WHAT TO WORK ON: Output exactly, in the material below, the lines from the one with "2016 RAM ProMaster City Tradesman" through the one with "negro 15.000 páginas". Omit all pictures.
==== SUPPLIED INFORMATION
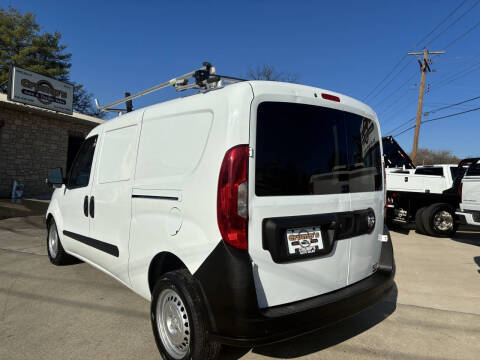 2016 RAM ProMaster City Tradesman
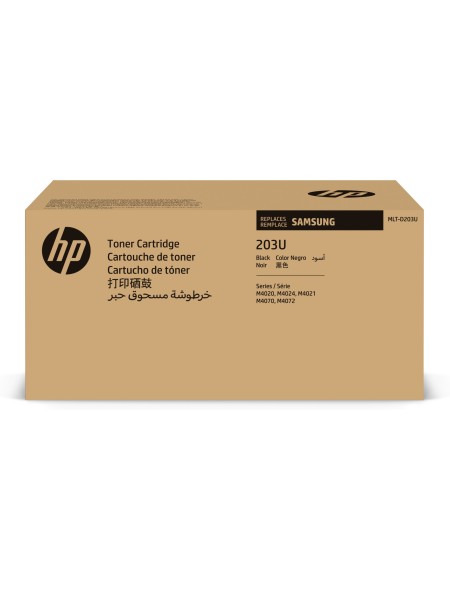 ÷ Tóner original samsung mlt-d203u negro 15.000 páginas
========
==== SUPPLIED INFORMATION
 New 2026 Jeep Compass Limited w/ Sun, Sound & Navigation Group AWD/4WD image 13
========
OUTPUT OF THE TASK:
 2016 RAM ProMaster City Tradesman
 ÷ Tóner original samsung mlt-d203u negro 15.000 páginas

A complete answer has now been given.